In its next assignment of error, Plaintiff contends that Defendant's pleadings failed to raise the statute of limitations defense, which should not be a basis for upholding the grant of summary judgment to Defendant.

We note that Defendant did not assert the statute of limitations at summary judgment or on appeal and the trial court's order does not mention the statute of limitations as a basis for granting summary judgment to Defendant. Furthermore, we need not decide whether Plaintiff filed its complaint within the statute of limitations because we have already concluded that the evidence is insufficient to show an account stated. Accordingly, this assignment of error is overruled.

III.

In its final assignment of error, Plaintiff contends that Defendant's responses to its Requests for Admissions were insufficient, and thus should be deemed admitted. Plaintiff asserts this argument for the first time on appeal. A party claiming insufficient answers to requests for admissions, and seeking to have those requests deemed admitted, must first move the trial court to determine the sufficiency of the responses and obtain a ruling.

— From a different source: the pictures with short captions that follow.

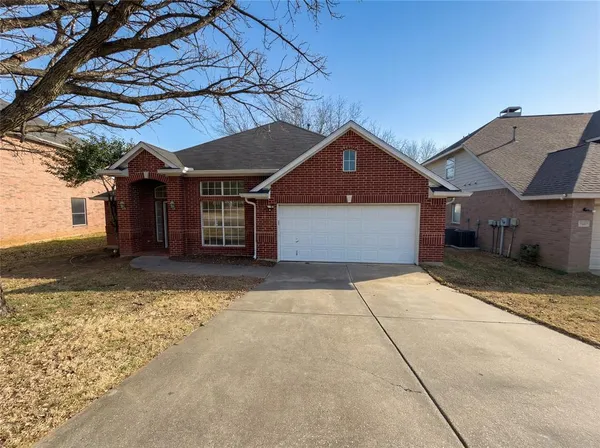 $350,000 | 7617 Nightfall Drive, Denton, TX 76210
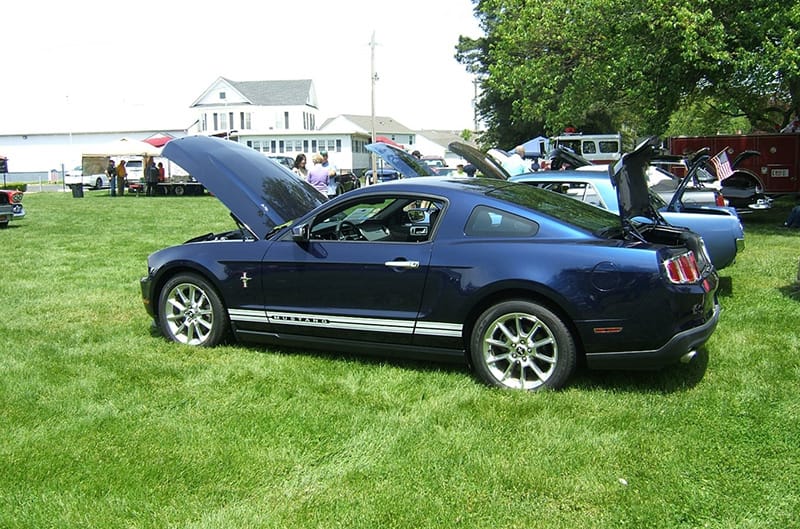 Side profile image of 2011 Mustang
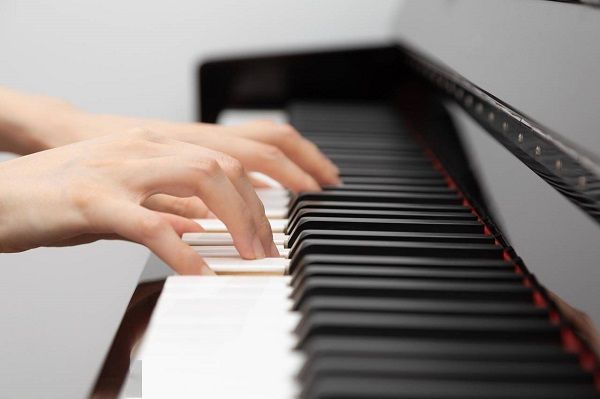 先学视唱练耳还是先学钢琴 视唱练耳一般要学多久
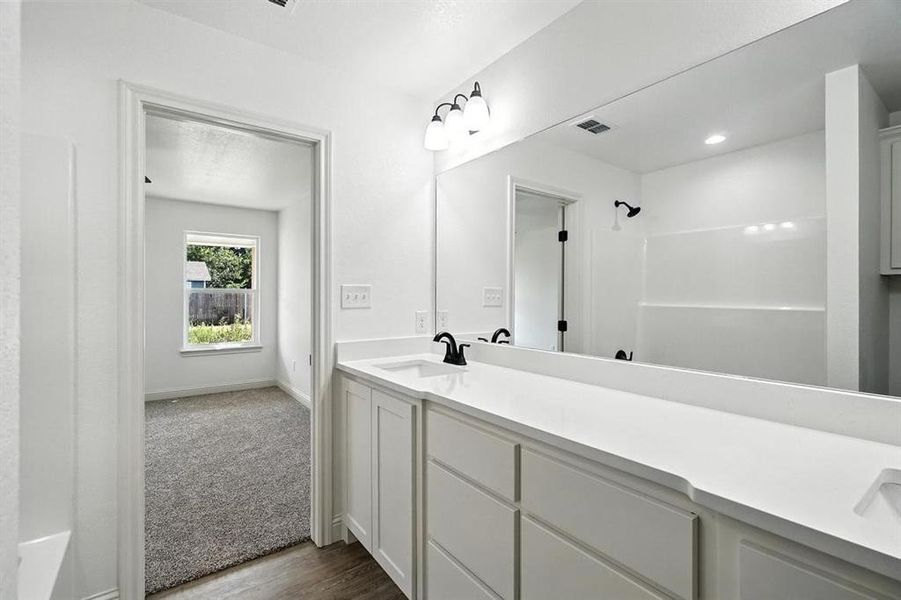 Furnished interior view inside a new home in , Abilene (Image 5).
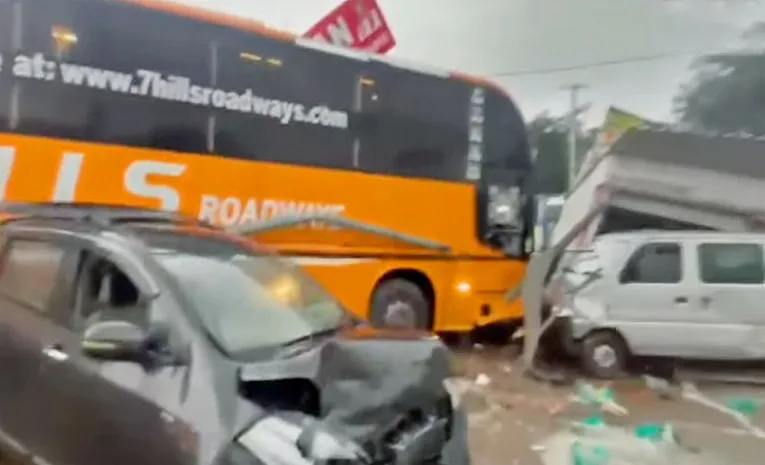 బస్సు బీభత్సం.. హోటల్‌లోకి దూసుకెళ్లి..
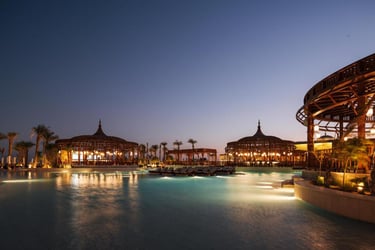 The combination of exquisite food and breathtaking views makes Al Kasr a haven for food enthusiasts.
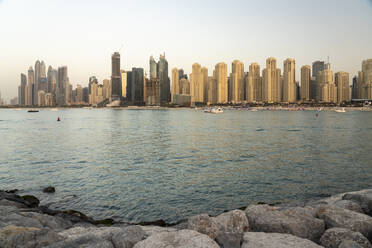 Vereinigte Arabische Emirate, Dubai, Skyline der Küstenwohnungen - TAMF03411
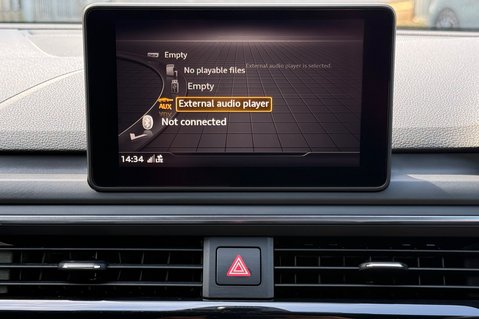 Audi A4 TFSI BLACK EDITION MHEV- APPLE CAR PLAY - REVERSE CAMERA 44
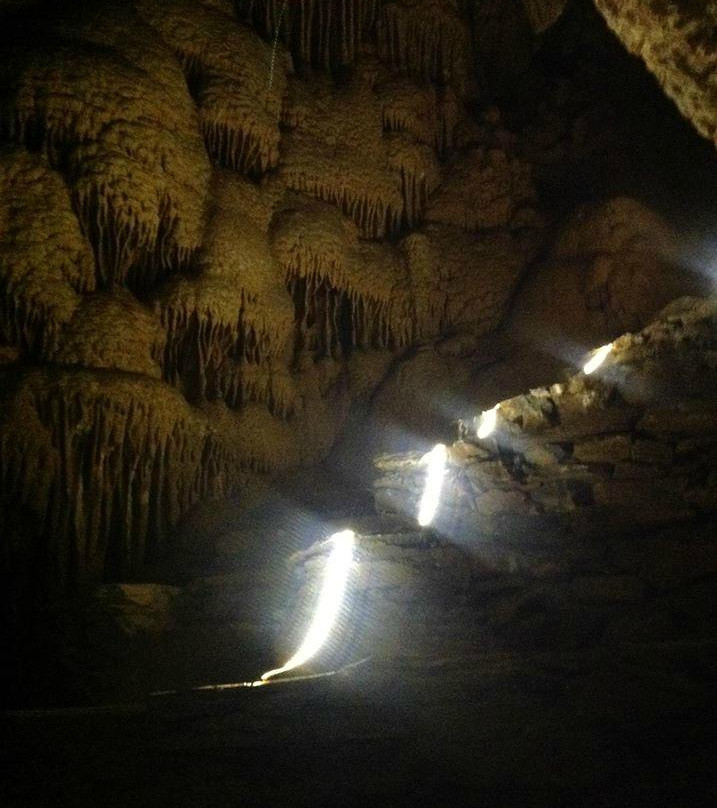 Cave Foros-Aladino必去景点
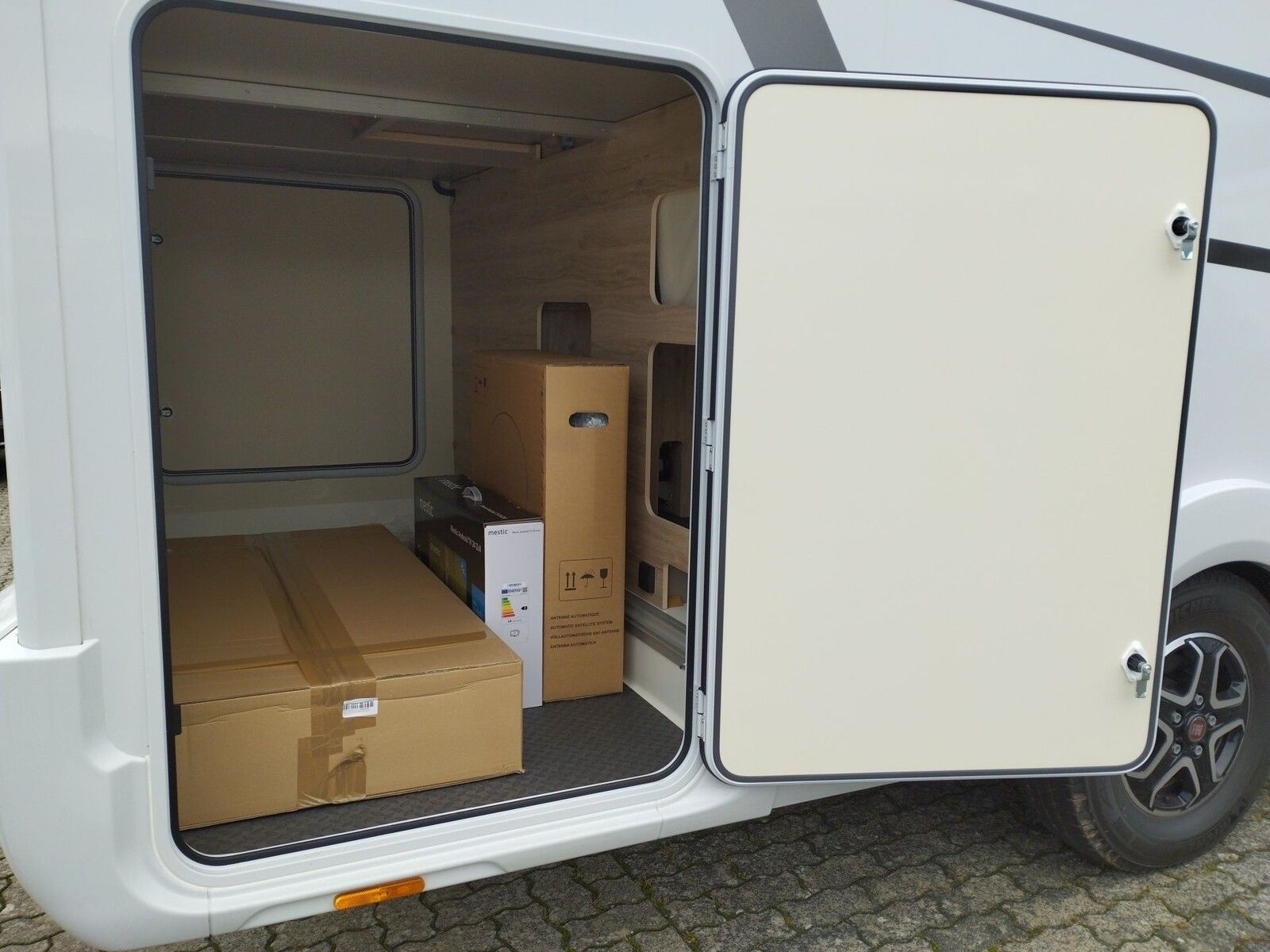 Fahrzeugabbildung Eura Mobil Integra Line IL 720 EF SAT, SOLAR, LUFTFEDERUNG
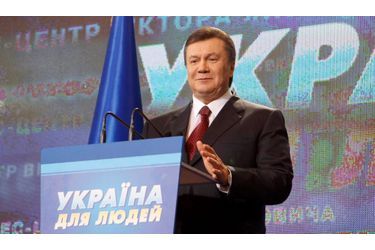 <br />
Le slogan "Украïна для людей" (en français "l'Ukraine pour les personnes") a touché les Ukrainiens qui ont élu Viktor Ianoukovitch à la tête du pays.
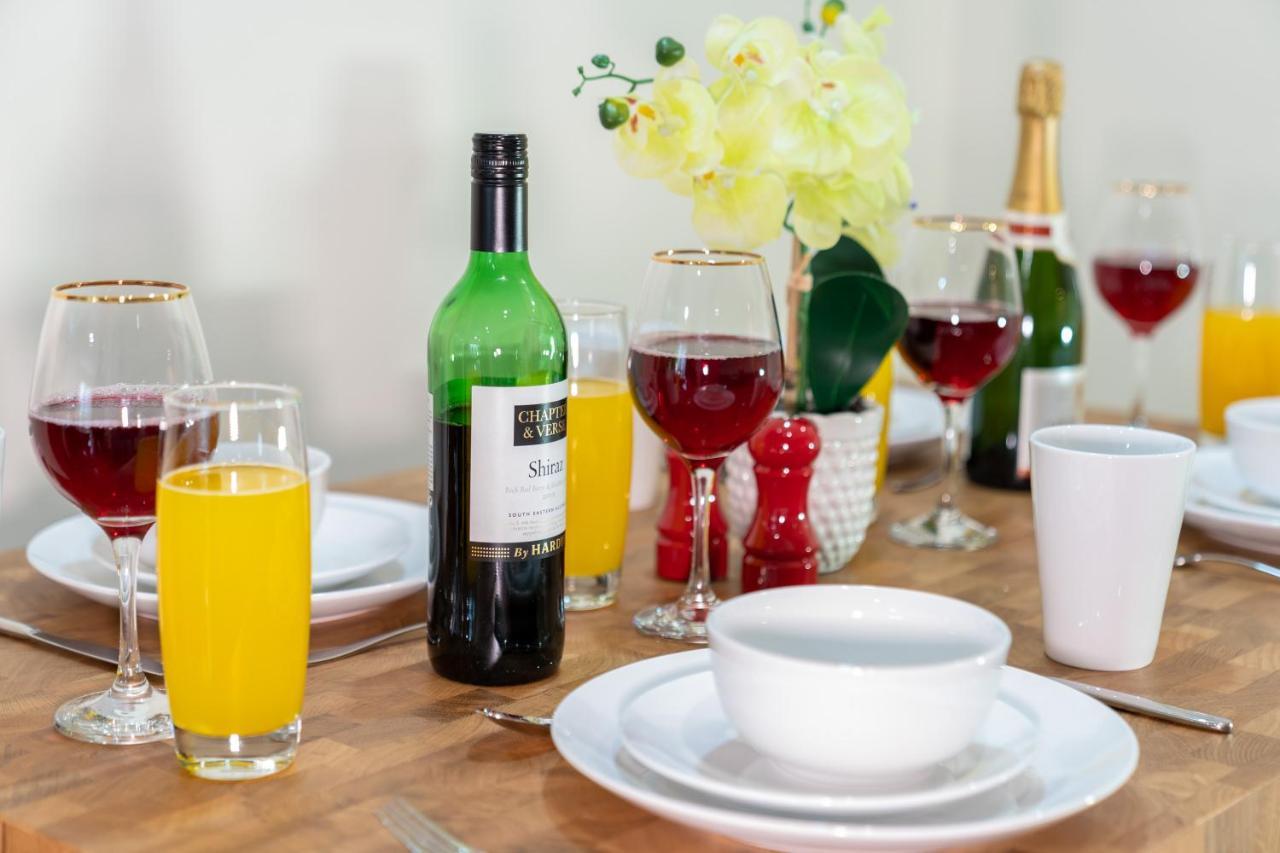 Avril Serviced Apartment Бирмингем Экстерьер фото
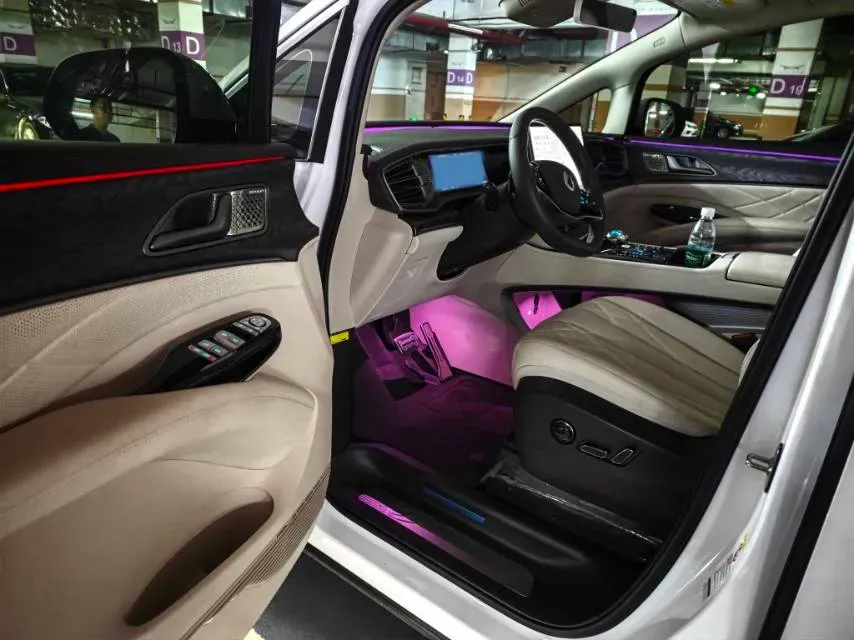 2025 Denza D9 1.5T 156HP L4 E-CVT PHEV 40KWH,autocango,china used car exporter,china ev exporter,chinese used car exporter,chinese used ev exporter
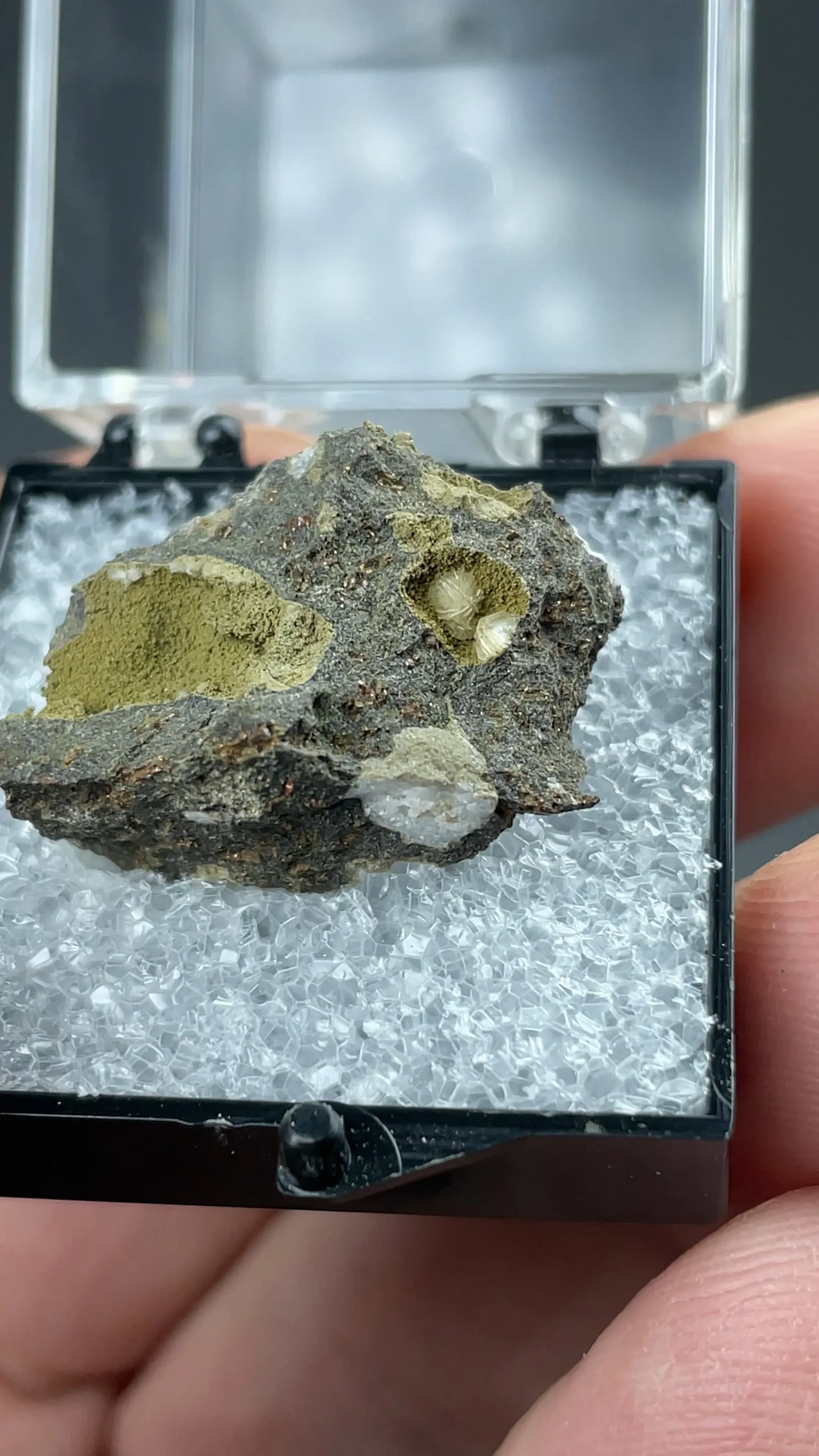 Chabazite-Na (Herschelite) - image 2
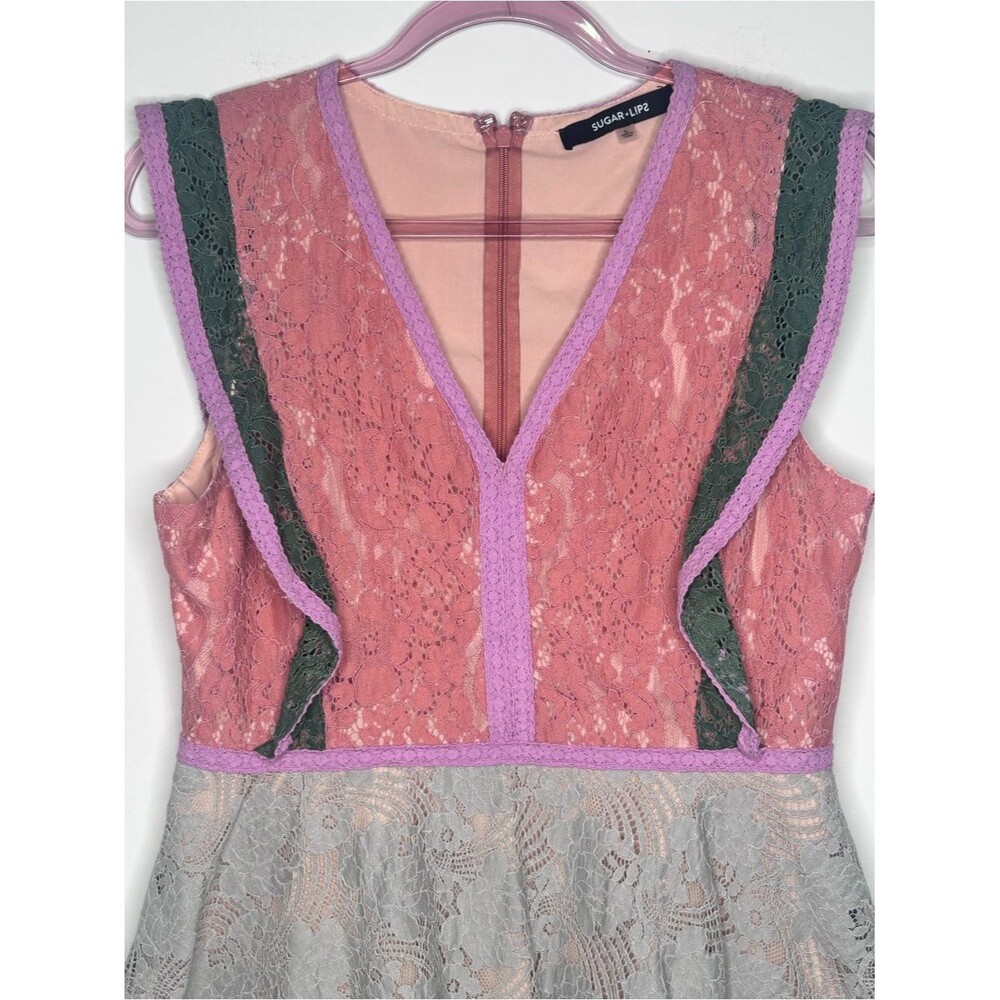 Sugar + Lips Colorblock Lace Peplum Top Blush Pink Sage Green Lavender Size L - Picture 3 of 8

S. Nat'l Bank of N.C. v. B & E Constr., Inc., 46 N.C. App. 736, 738-40, 266 S.E.2d 1, 2-3 (1980). No motion to compel or other request for the trial court to compel more complete answers appears in the Record on Appeal. Because there is no evidence of either a request or a ruling in this case, this question is not properly before this Court.

Affirmed.

Judges STROUD and BEASLEY concur.

Report per Rule 30 (e).

NOTES

[1] Carroll v. McNeill Indus., Inc., 296 N.C. 205, 209, 250 S.E.2d 60, 62 (1978).

[2] During discovery, Defendant denied that he personally received mail at the post office box address noted on the statement, but he admitted that "RMD Associates" received mail at that post office box. However, there is no affirmative proof in the Record on Appeal connecting Defendant to "RMD Associates."